# 'Heteropoda's Throne' IAPLC #463



## James Marshall (6 Nov 2012)

Many of you will have already seen this scape, but this was the one i decided to enter in the IAPLC, upholding my tradition of using a 20 litre tank for my contest piece. 






Cheers,
James


----------



## Antoni (6 Nov 2012)

Congrats for the lovely scape! 
I really like this small Iwagumi of yours, and IMO it should of been placed higher, but in IAPLC for some reason don't accept well nano tanks....


----------



## LondonDragon (6 Nov 2012)

Looks great James, but a 20 liter tank will not cut it out for IAPLC I would assume


----------



## Notator (6 Nov 2012)

It _seems_ so simple...Looks beautiful... 
And made me realise I have FAR too many plants in my nano!


----------



## Ady34 (7 Nov 2012)

Great choice and use of plants, and does look like a stone throne.
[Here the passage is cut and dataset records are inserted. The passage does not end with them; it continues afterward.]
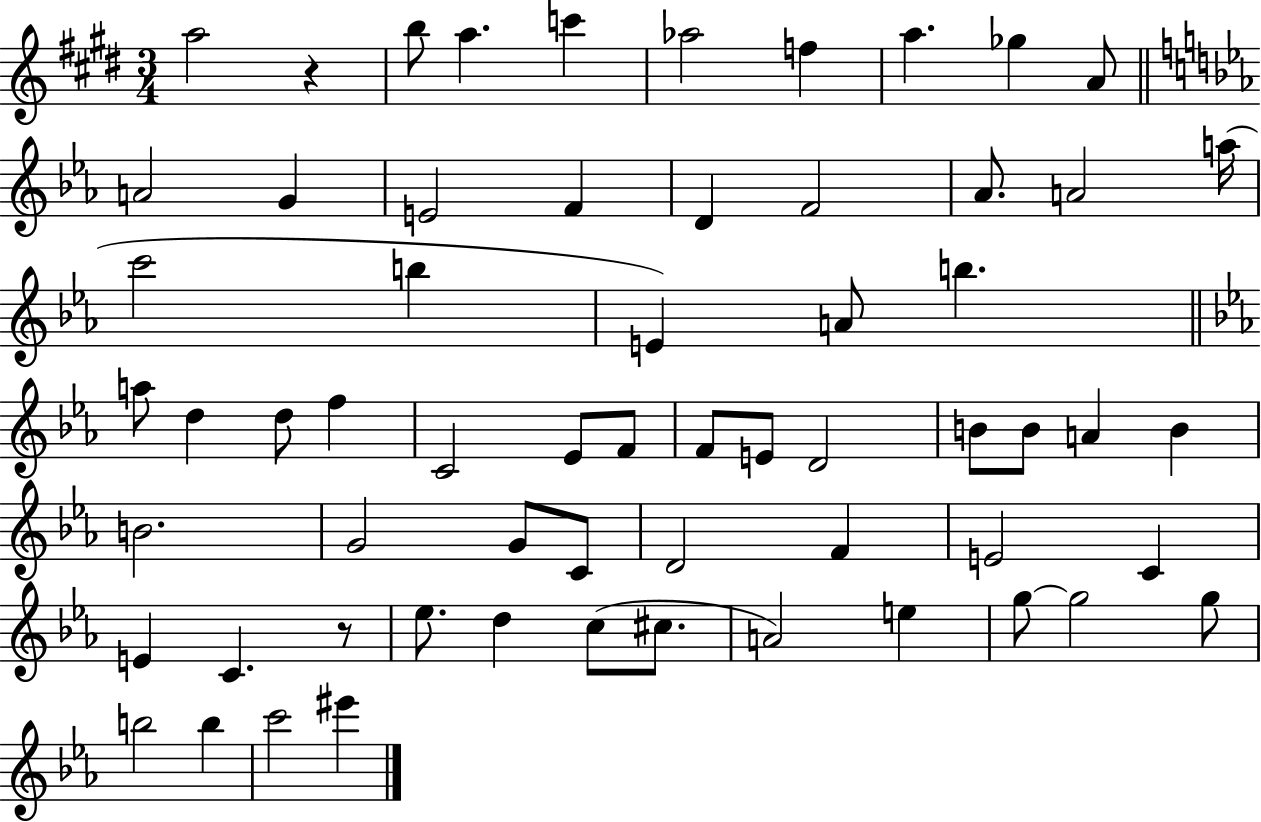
X:1
T:Untitled
M:3/4
L:1/4
K:E
a2 z b/2 a c' _a2 f a _g A/2 A2 G E2 F D F2 _A/2 A2 a/4 c'2 b E A/2 b a/2 d d/2 f C2 _E/2 F/2 F/2 E/2 D2 B/2 B/2 A B B2 G2 G/2 C/2 D2 F E2 C E C z/2 _e/2 d c/2 ^c/2 A2 e g/2 g2 g/2 b2 b c'2 ^e'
As the name suggests, are the shrimp really wild cherry form?
Just personal choice, but i think if the 'throne' were slightly more biased to the left or right it would be even more appealing to the eye....it was probably placed quite centrally intentionally though?
Cheerio,
Ady.


----------



## James Marshall (7 Nov 2012)

Antoni said:
			
		

> Congrats for the lovely scape!
> I really like this small Iwagumi of yours, and IMO it should of been placed higher, but in IAPLC for some reason don't accept well nano tanks....





			
				LondonDragon said:
			
		

> Looks great James, but a 20 liter tank will not cut it out for IAPLC I would assume


Thank you guys 
I agree, nano tanks don't seem to fair well at this contest. I did think about entering the 60 litre but then I would have no excuse for not ranking well  



			
				Notator said:
			
		

> It _seems_ so simple...Looks beautiful...
> And made me realise I have FAR too many plants in my nano!


Thank you Notator.
I do usualy limit the numbers of species I use in small tanks, as i find things can look a bit chaotic with too many.
That said my scapes are often very regimented, which is not to everyones taste.
If you look at pages 16 & 17 of "Nature Aquarium World book 2" you see that Takashi uses 5 species in a 3 litre tank and that looks stunning.



			
				Ady34 said:
			
		

> Great choice and use of plants, and does look like a stone throne. As the name suggests, are the shrimp really wild cherry form?
> Just personal choice, but i think if the 'throne' were slightly more biased to the left or right it would be even more appealing to the eye....it was probably placed quite centrally intentionally though?
> Cheerio,
> Ady.



Thank you Ady
I'm afraid I don't know much about the shrimps except thatI got the shrimps from Paulo (Londondragon) about 3 years ago and they have breeding like crazy ever since.
You are correct the central focal point was intentional, whilst I am a proponent of the golden mean (now sometimes called the golden rule) I do not believe that is necessary to use it in all aspects of a layout. Instead I just keep placing and moving the harscape until i am happy with it on a purely personal level, I then usualy find that the golden mean crops up in several places in some way or the other.

Cheers,
James


----------



## Ady34 (7 Nov 2012)

Yeah i know what you mean...no pun intended!
If you look at the stone formation as a whole it appears quite central but when broken down into individual rocks it kinda covers all the hot spots.
Great looking nano none the less and pristine as are all of your scapes.
Cheerio,
Ady.


----------



## wearsbunnyslippers (8 Nov 2012)

top drawer james!


----------



## Jennifer Brown (8 Nov 2012)

I think this is the most traditional Iwagumi I have seen you produce.  I thought it was really serene in the flesh but have to say the photo doesn’t do the Christmas moss the full justice it deserves as I have never seen it grow so perfectly frondy and bouncy before.  Thank you for letting me steal some of it for my own little tank


----------